David with the Head of Goliath

Caravaggio 1607 or 1609-1610.

49 ¼” x 39 3/8”

Oil on canvas.

Borghese Gallery, Rome.

The date of this piece is unclear because its color palette is characteristic of Caravaggio’s earlier Naples years (1606-1608), but it is also believed to have been painted at the end of Caravaggio’s life as contemplation.  The earlier date is carried more evidence in terms of style, for how was he to know he would die in 1610?  The painting was found in Naples and made its way into Scipione Borghese’s private collection (Moir 116).

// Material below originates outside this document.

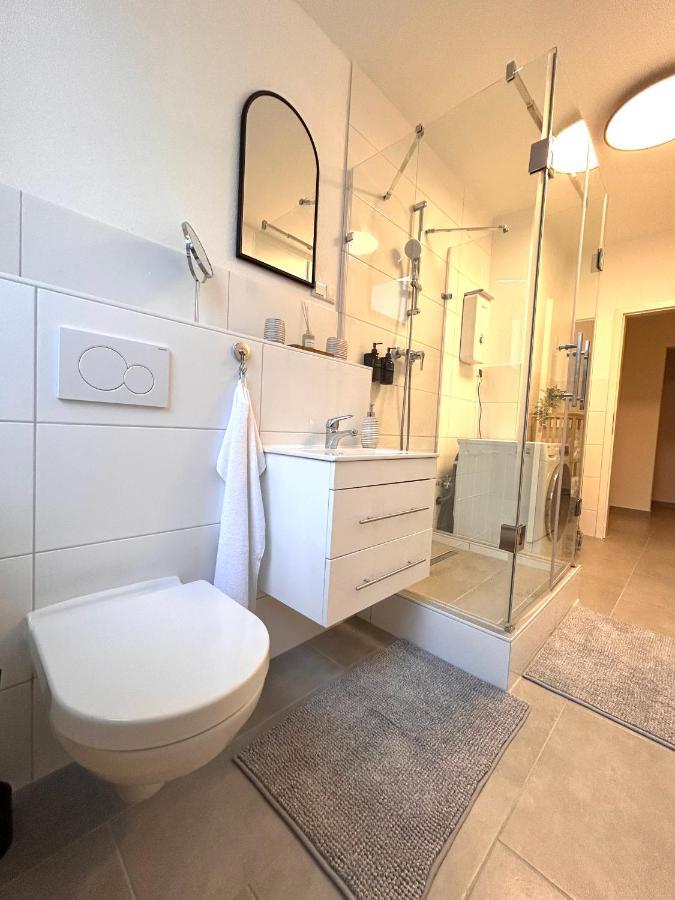 93Qm-4 Rooms-Wifi-City Centre كاسيل المظهر الخارجي الصورة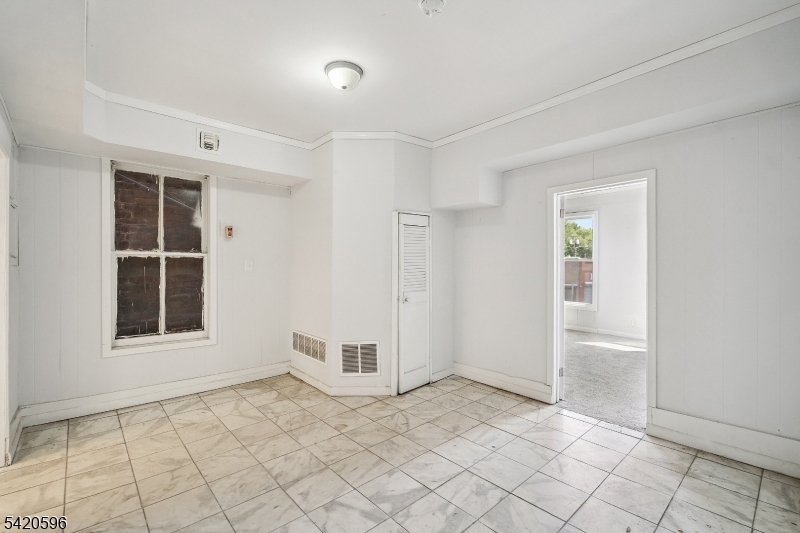 904 2nd Ave 2 Property Photo 12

A gruesome image, Caravaggio’s David with the Head of Goliath is a reminder of death, an allegory, and perhaps even a plea for pardon.  Although Caravaggio did not show us the actual execution as in Judith Killing Holofernes, we are witnesses to a fleeting moment between life and death.  The lifelessness of Goliath’s severed head contrasts the young, vital David.  Even Goliath’s face shows signs of pre-mortality – half of his face seems to still be alive.

Caravaggio’s David is classical and allegorical.  His body type is somewhat ideal, but also not as supple as his earlier paintings of young boys.  David dons a humble, neutral robe.  Moir reveals that David is in the pose of Justice, with a sword in one hand, but Goliath’s head instead of scales in the other.  David is also compared to Christ as “ultimate judge and savior” – David assumed responsibility for taking Goliath’s life, and saved the people from his wrath (116).

Goliath’s head appears to resemble Caravaggio.  This could be a self-portrait of the artist.  In 1606, Caravaggio murdered a man.  Helen Langdon explains how this piece could be a plea for pardon from the pope.  Caravaggio’s culture was obsessed with salvation and redemption.  Prisoners and criminals were visually tortured with images of cruelty and violence in order to evoke penitence (384-385).  This could be why Caravaggio decided to paint such an image for his own redemption.  Not only did his violent past provide ample models to his memory, but it was also an effective way of gaining pardon.  However, Caravaggio died before he was able to enjoy his eventual pardoning.

Langdon, Helen.  Caravaggio: A Life. New York: Farrar, Straus, and Giroux. 1998.

Moir, Alfred. Caravaggio. New York: Harry N. Abrams, Inc. 1982.